Louis Agassiz Fuertes, bird portraitist

Louis Agassiz Fuertes with a live Snowy Owl. c. 1920

Louis Agassiz Fuertes with a live Snowy Owl. c. 1920. Photograph. Image and data from Louis Agassiz Fuertes Papers, Archives, Division of Rare and Manuscript Collections, Cornell University Library.

April 22 marks the 53rd anniversary of Earth Day, the birth of the modern environmental movement. This year we honor the day and the intent with a tribute to the bird portraitist Louis Agassiz Fuertes, born in 1874, nearly 100 years prior to Earth Day, in Ithaca, New York. The artist’s father, Estevan Antonio Fuertes, was a Puerto Rico-born professor of civil engineering at Cornell University. Louis’ early passion for the meticulous study of birds, his artistic skill, and the support of his mentor Elliott Coues, an ornithologist at the Smithsonian, denoted the beginning of a life devoted to birding and the artistic record of the many feathered species. Throughout his life Fuertes participated in scientific/artististic expeditions from Alaska and Siberia, throughout the United States and Canada, to Mexico and Columbia, and finally, Ethiopia.

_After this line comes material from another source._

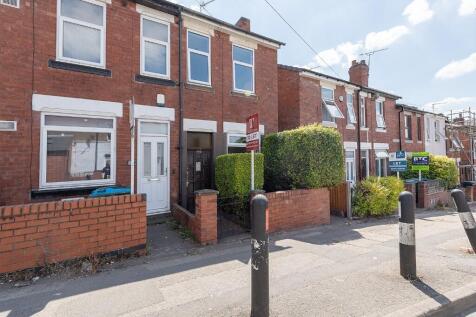 4 bedroom end of terrace house for sale
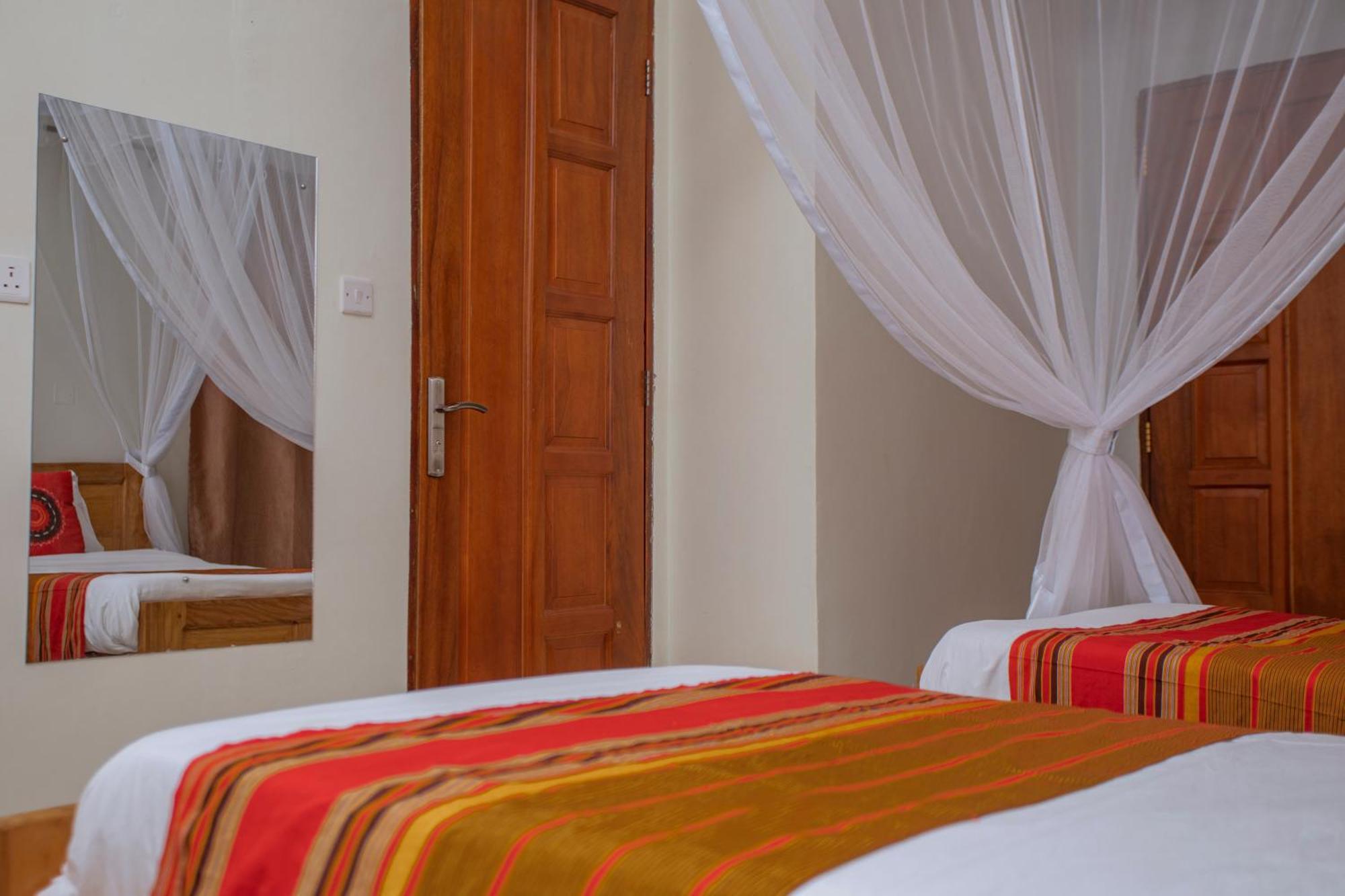 Silver Oaks Hotel Boma Fort Portal Zewnętrze zdjęcie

From a body of work that  encompassed more than a thousand field and studio sketches, the artist created finished paintings and illustrations that were included in foundational birding publications of the era: Citizen Bird, 1897; Birds of New York, 1910; National Geographic 1913-1920;  Birds of Massachusetts (1925-1929).

Thanks to an open collection from the Cornell University Library – Laboratory of Ornithology Gallery of Bird and Wildlife Art, we are able to glimpse Fuertes’ artistic awakening in studies made during his teens and early twenties and preserved in intimate sketchbooks.

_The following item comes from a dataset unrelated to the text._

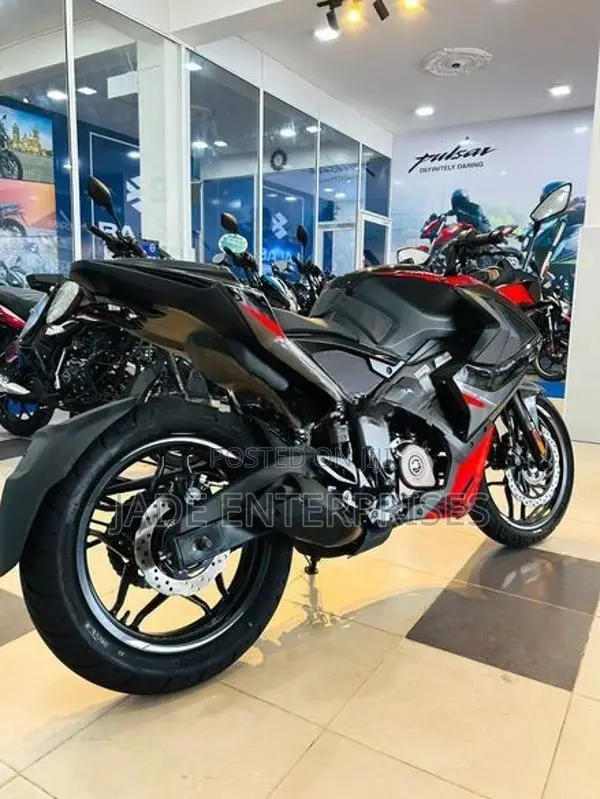 Bajaj Pulsar RS200 2026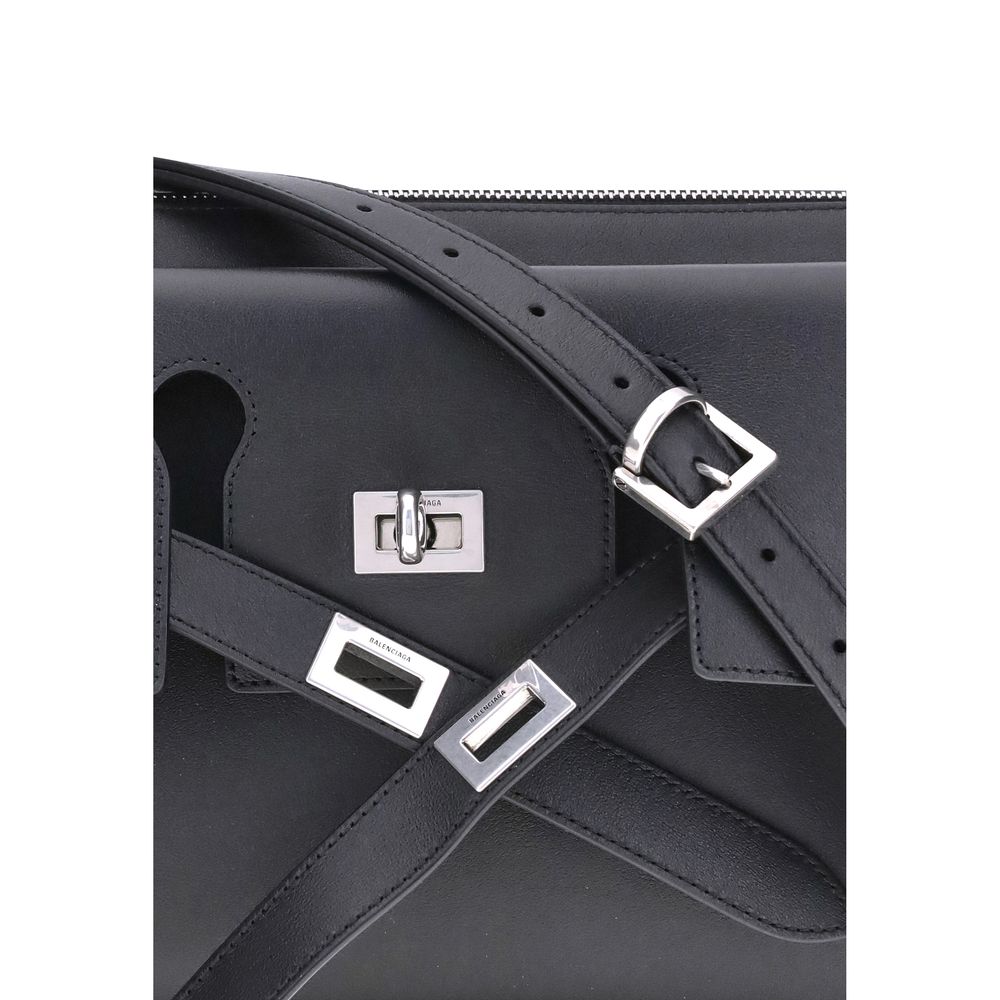 Front view with bag zipped and handles upright.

While a watercolor of a skeleton rising from a doorway and charcoal vignettes of lounging cats, completed before Fuertes was 21, do not predict his passion for the  birds, they do announce his promise as a draftsman. In 1892, the 18-year-old aspiring artist accompanied his parents to Europe. While his young colleagues might have been found sketching at the Louvre or the Rijksmuseum, Fuertes apprenticed by studying wildlife at the Jardin des Plantes in Paris, and again in 1895 at the zoos in Berlin, Dresden, and Brussels. Two pencil sketches, a tiger from Paris, 1892, and a leopard from Berlin, 1895, demonstrate a respect of the big cats and the artist’s tendency to endow his animal renderings with the distinctive characterization of portraits.

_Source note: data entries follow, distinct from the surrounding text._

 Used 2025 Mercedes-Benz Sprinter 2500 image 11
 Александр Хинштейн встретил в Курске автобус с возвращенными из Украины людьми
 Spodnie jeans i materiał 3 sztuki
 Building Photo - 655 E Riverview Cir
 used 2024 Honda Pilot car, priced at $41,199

A freely executed watercolor of gamboling penguins was probably also captured at a zoo, while the Ruff Sketches, both c. 1895, presents a decorative double frieze of songbird specimens.

No animal is better suited to portraiture than the owl, and these distinctive subjects appear to have been favorites of the artist. Two of his early watercolors, each depicting a horned and a spectacled owl date from c. 1895 while he worked in Dresden. His Iceland Falcon completes a triad of birds of prey. A lively page of robust finches and a resplendent golden pheasant crown the selection of Fuertes’ European sketches and his nascent period as an artist.

Louis Agassiz Fuertes. Red-tailed Hawk (#19). 1920s.

Louis Agassiz Fuertes. Red-tailed Hawk (#19). 1920s. Watercolor. Image and data from Cornell University Lab of Ornithology Art Collection.

Louis Agassiz Fuertes. Black-capped Chickadee. 1897.

Louis Agassiz Fuertes. Black-capped Chickadee. 1897. Watercolor on paper. Image and data from Cornell University Lab of Ornithology Art Collection.

We conclude with two works that represent Fuertes’ prolific career as an illustrator: the Black-capped chickadee, 1897, a crisp monochrome watercolor from a series of more than 100 finished works that the artist produced as illustrations for the children’s book Citizen Bird by Mabel Osgood Wright and Elliott Coues; and an imposing red-tailed hawk who seizes our gaze as he grips his prey—a watercolor from the 1920s when Fuertes was commissioned to paint 90 bird portraits to be produced as “collector cards” and enclosed in Arm & Hammer Baking Soda boxes.* The cards popularized birdwatching and promoted conservation, and they bore the admonitionFor the Good of All, Do Not Destroy the Birds.” Happy Earth Day and give thanks for the birds!

– Nancy Minty, collections editor

* Notably, about 10 of the illustrations of the birds of prey weren’t published until 1976 since the predators were considered contrary to public favor.